Several analysts say the mergers will make it hard for the two telecom companies’ managements to devote the attention, and possibly the resources, needed to quickly turn themselves into video powers.
“SBC is in the early stages of digesting the biggest wireless acquisition in history, and Verizon’s deal with MCI will skew their wire lines from residential to commercial,” says Bernstein Research analyst Craig Moffett. “Where on the priority list will entry into video fall?”
Verizon, for one, says it’s keeping its eye on the television market.
“We look at (the MCI deal) as a step toward our goal of being a national broadband provider,” says spokeswoman Sharon Cohen-Hagan.
The company spent $1 billion last year to string fiber-optic lines passing 1 million homes in 12 states. Cohen-Hagan says Verizon is on track to begin offering video commercially later this year.
Still, some analysts say Verizon and SBC will have their hands full as they try to persuade regulators to approve their deals and then, if successful, to meld their corporate cultures.

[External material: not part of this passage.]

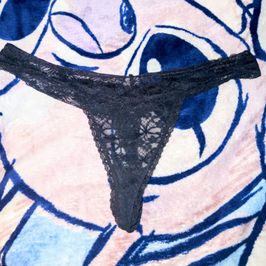 Black lace thong 2 days of wear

And they face huge hurdles in TV services. The telecom companies must cut deals with cable channels, local TV stations and the studios that supply movies and other shows for video-on-demand. In addition, the phone companies may need licenses from thousands of local franchise boards.
Verizon and SBC want lawmakers to streamline the process. But the mergers could hurt that effort.
“The argument that they should be exempt from local franchising becomes politically more difficult because of their size,” says Legg Mason analyst Blair Levin.
He and others wonder whether, in the end, the two companies will decide to stick to the corporate telecom market — which they dominate.
“They’re going to cannibalize their income statements” to get into TV, a mature business, says Stifel Nicolaus analyst Ted Henderson. “I find it hard to believe they are laser-focused on video when they make a right turn and go after long-distance.”